I think your overall plan is fine, just some details to think about going to the next step.

The ~12'x14' play area will want general lighting, having 3 lights across the 12' puts them about 4' apart, which is too close if you choose >4" housings.
The ~14'x10' tv area figure if you want the lighting to task the couch, general light the middle floor, or accent light the tv wall (like if have a entertainment center or something).

Verify ceiling height, and if any beams or ductwork will affect placement, or have soffits which will affect the visual continuity of the luminaires. Decide if you want the two areas to be consistent (read: aligned) in layout, or if you want two totally different trims based on purpose.

Any cove lighting would probably be more for mood and accent.

Go to a store to see trim size you prefer, some people just don't like 6" cans. That will determine throw and placement. Decide if you want a specific LED luminaire, or if you want an old school ("Edison socket") housing for flexibility with LED lamps.


----------



## maxw72 (Jun 8, 2020)

3onthetree said:


> I think your overall plan is fine, just some details to think about going to the next step.
> 
> The ~12'x14' play area will want general lighting, having 3 lights across the 12' puts them about 4' apart, which is too close if you choose >4" housings.
> The ~14'x10' tv area figure if you want the lighting to task the couch, general light the middle floor, or accent light the tv wall (like if have a entertainment center or something).
> ...


I should have mentioned that I currently have the lights I will be using. I'll attach an image but I went with 4" housing at 5000K. I like where you are going though. With the play area, Do you think that 4' apart in that area, with 4" cans will be sufficient. I believe I made mention to it (but not sure) that the basement only has one standard window so the majority of the light is coming from the actual ceiling lights.


----------



## 3onthetree (Dec 7, 2018)

Best to draw the plan to scale, then show the lighting layout.
Natural light isn't really critical here in the equation.
What type of flooring and ceiling will you have? 5000K comes off as pretty sterile.


----------



## maxw72 (Jun 8, 2020)

3onthetree said:


> Best to draw the plan to scale, then show the lighting layout.
> Natural light isn't really critical here in the equation.
> What type of flooring and ceiling will you have? 5000K comes off as pretty sterile.

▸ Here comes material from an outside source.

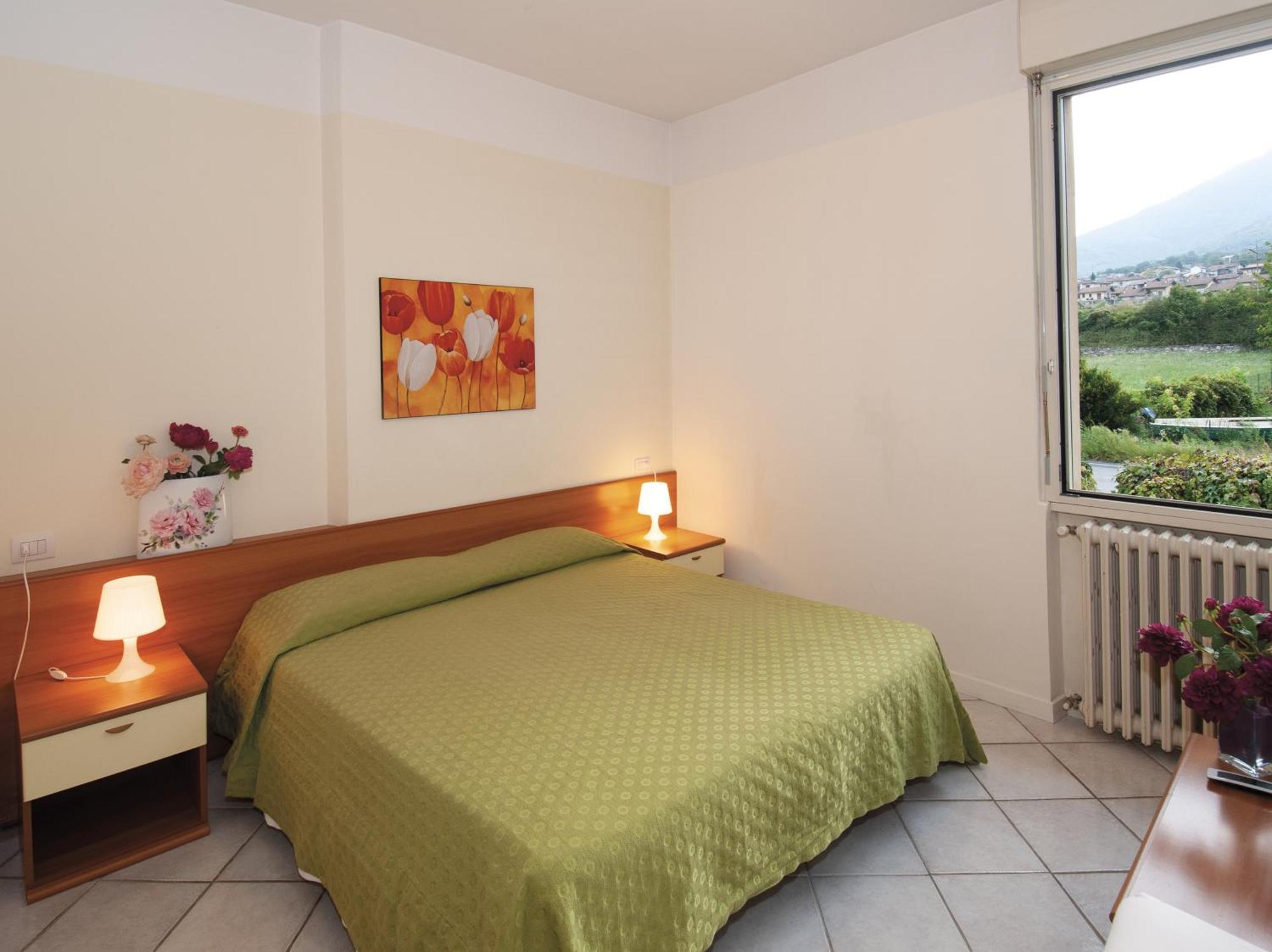 Green Village Accommodations Colico Exterior photo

flooring will be carpet, ceiling will be textured drywall. I believe paint will be a medium gray.


----------



## SW Dweller (Jan 6, 2021)

Ceiling height has a LOT to do with the design. I personally hate/detest anything that hangs from the ceiling. I am also 6'6" hate dodging moving objects
Recessed lights are nice, some are rated to be in insulation and most are not. Having a bunch of holes in your insulation envelope these days is well ignorant. I installed cans in a large tv and living room 8'6", unless you sat just right it was impossible to read a newspaper and the glare of the lamps near the tv created shadows on the screen in the dark scenes. The wall washer cans did work pretty good for lighting up the art work and pictures on the walls.
I have moved on to indirect light. My new home the walls do not go to the ceiling and I have a channel on top of the walls to run light rope and high powered led's. Two levels of lighting. Dimmers are a waste of money IMO.
I like wall lights, mounted at 7 feet or so from the ground. They can be changed easily and they offer a decorative statement.
,


----------